Wednesday, June 20, 2018

Costs Related to Developing and Maintaining Company Websites

The following post is a repeat of one published nearly eight years ago. It was relevant then and continues to be relevant today. The reason we're re-publishing it today is because the question continues to arise as auditors seem to be taking a closer look at costs related to developing and maintaining company websites. Sometimes these costs are very very significant.

Not too long ago while conducting one of our training sessions, we were asked whether the cost of developing and maintaining contractor websites could be considered unallowable advertising under FAR 31.205-1. We hadn’t encountered this question before so we did not have a complete answer. The cost of developing and maintaining a company website is significant in many cases. Medium sized companies can spend tens of thousands of dollars and larger companies, significantly more. So, we sent the question on to DPAP (Defense Procurement Acquisition Policy), the DoD organization responsible for all acquisition and procurement policy matters in the Department of Defense (DoD). Here is the question and the response.
Question: Do company websites meet the FAR 31.205-1(b) definition of "advertising". The definition does not explicitly list "websites" as advertising media but the listing of included media is not an all-inclusive listing. If company websites meet the definition of advertising, it would have to meet the primary purpose criteria discussed in FAR 31.205-1(f) to be unallowable. It seems to us that most websites have multiple purposes. Advertising is certainly one purpose but there are others such as communications with shareholders, customer ordering, customer support, and contact information.

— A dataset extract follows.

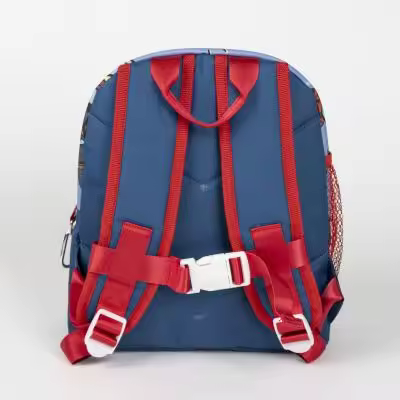 MOCHILA INFANTIL TREKKING AVENGERS - 1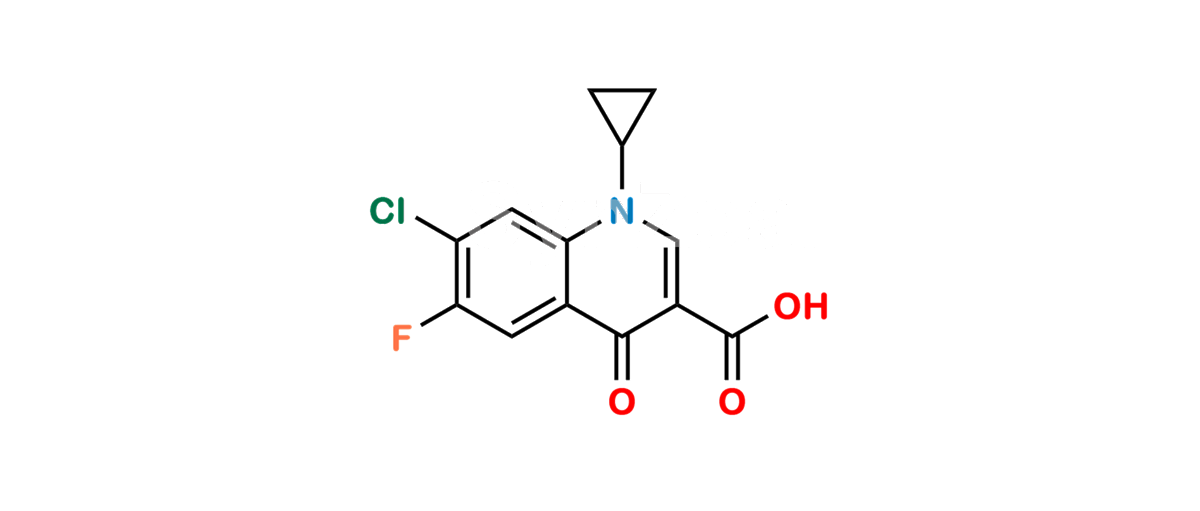 Ciprofloxacin EP Impurity A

Response: FAR 31.205-1 defines advertising to mean:

the use of media to promote the sale of products or services and to accomplish the activities referred to in paragraph (d) of this subsection, regardless of the medium employed, when the advertiser has control over the form and content of what will appear, the media in which it will appear, and when it will appear. Advertising media include but are not limited to conventions, exhibits, free goods, samples, magazines, newspapers, trade papers, direct mail, dealer cards, window displays, outdoor advertising, radio, and television.

The phrase, “regardless of medium employed,” is sufficiently broad enough to make the definition of advertising include company websites. As stated by the questioner, “advertising is certainly one purpose” of company websites. In accordance with the requirement of FAR 31.204(d), the cost to develop and maintain company websites should be apportioned among the contractor’s accounts that best capture their essential nature to the extent company websites are used for multiple purposes. FAR 31.204(d) states:

When more than one subsection in 31.205 is relevant to a contractor cost, the cost shall be apportioned among the applicable subsections, and the determination of allowability of each portion shall be based on the guidance contained in the applicable subsection.
We recommend that contractors assess the purpose of their websites and if there is a component of advertising involved, apply a logical (defensible) method apportioning the costs between the relevant cost accounts.

This "apportioning" advise will necessarily require a high degree of judgment. Unfortunately there is not a set formula or criteria to apply in apportioning such costs. Contractors should devise a methodology that is logical and defensible. Also, documenting the methodology is critical.